RV Gringos last statement brings up an interesting trade off. If you were coming from Houston, this a no brainer although we prefer Los Indios versus Progreso. However from San Antonio, you are adding 2-3 hours to the border versus potential time crossing at Laredo.
You do save a lot of tolls but not sure possible to drive from San Antonio to Guanajuato via either McAllen or Harlingen in one day without a lot of night time driving, especially this time of year, unless you left San Antonio 4-5AM. We do have a friend that drives from the state of Guanajuato to San Antonio and back in one day each way about once a month via Laredo.


----------



## Roadtripper

we just crossed at the nuevo laredo crossing and it went extremely smooth. we had to do some paperwork on the nuevo laredo side so we stayed in a hotel on the east side of town right up against the river. it was a holiday inn express and was very nice, safe, and priced good for what you got. we drove around nuevo laredo all day going in and out of the city 2 different times and found it very nice. to be honest it felt safer to us there than in laredo texas. if you drive over the border there check out google maps and you can see all the routes. the best route is to cross the border (get your paperwork done--there were no lines when we crossed in the morning), go east and follow the periferico all the way around the city. it has very little traffic. then, go under a bridge and go left and get on the cuoto. smooth sailing from there. good luck.


----------



## ReefHound

Roadtripper said:


> we just crossed at the nuevo laredo crossing and it went extremely smooth. we had to do some paperwork on the nuevo laredo side so we stayed in a hotel on the east side of town right up against the river. it was a holiday inn express and was very nice, safe, and priced good for what you got. we drove around nuevo laredo all day going in and out of the city 2 different times and found it very nice. to be honest it felt safer to us there than in laredo texas. if you drive over the border there check out google maps and you can see all the routes. the best route is to cross the border (get your paperwork done--there were no lines when we crossed in the morning), go east and follow the periferico all the way around the city. it has very little traffic. then, go under a bridge and go left and get on the cuoto. smooth sailing from there. good luck.
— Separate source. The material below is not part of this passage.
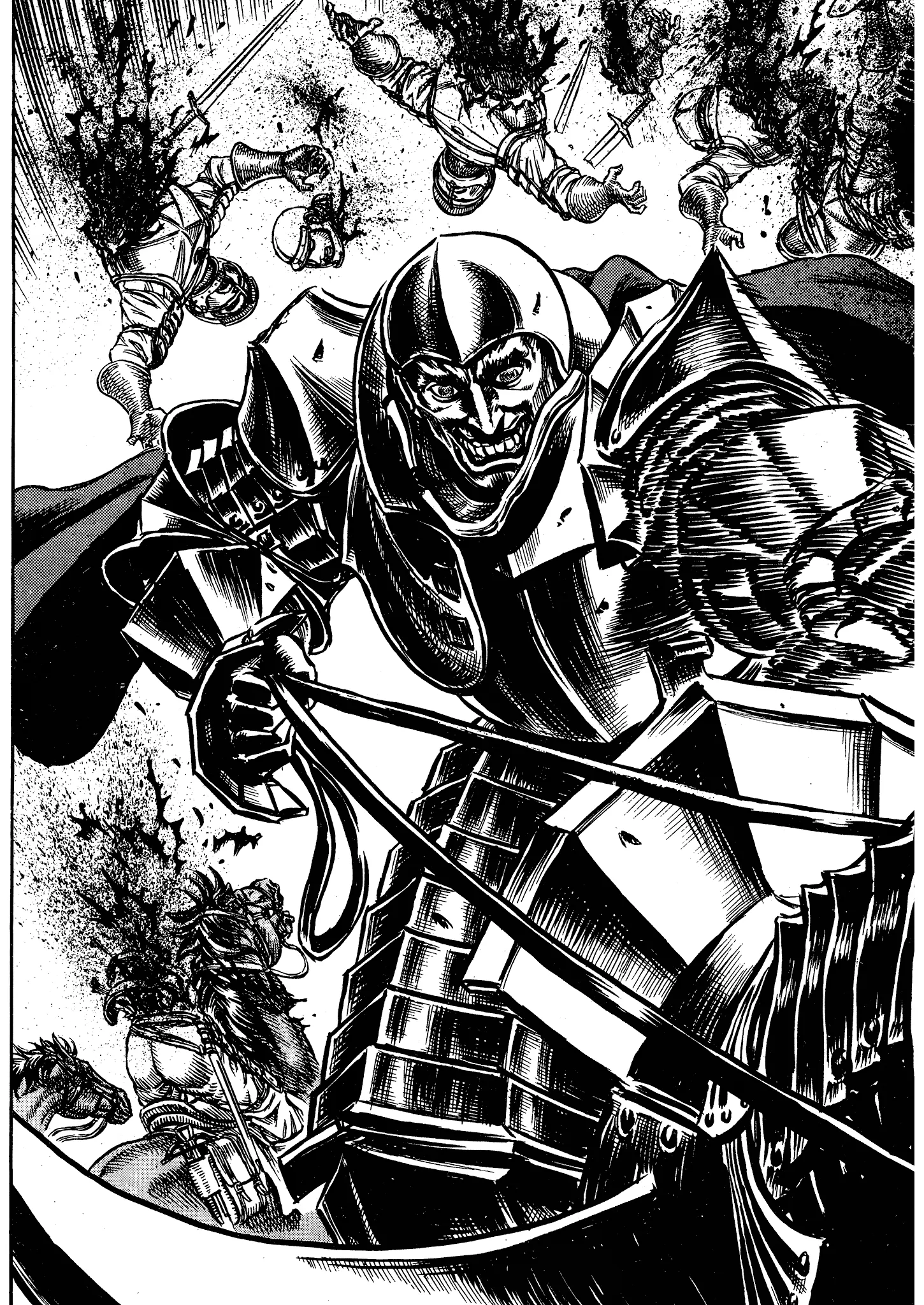 Read Berserk IT Manga Online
Hmmm, crossing the border in the early morning and not getting all my permits until late afternoon is hardly how I would define a "smooth" crossing. I think the longest it ever took me was two hours, and now that I get the car permits online the crossings take me 15 minutes.

I would also like to point out that "feeling" safe is not the same thing as being safe. You may have luckily picked one of the calm days or simply not be recognizing the dangers you are seeing. Ignorance is not always bliss. I wouldn't advise just driving around the town for the fun of it.


----------



## Roadtripper

We were permanentally importing a car so we had some extra paperwork to do. if we were temporarily importing the car we would have been in and out in a couple hours. the only time was to actually import the car. we did not get stopped once otherwise at the border or at km 26. in fact, when we got our visa we were the only ones in line. so, i guess i should have clarified that it was smooth because we experienced no problems, lines, traffic, headaches, etc and only had to take the time to permanentally import our car. i would say, if anything, we were the opposite of ignorant. we were overly aware and overly attentive to everything, especially with all we read and heard before leaving. i was relatively nervous before arriving to Nuevo Laredo and didn´t sleep well the nite before anticpating all of the things we needed to do the next day to import (permanentally) our car into mexico.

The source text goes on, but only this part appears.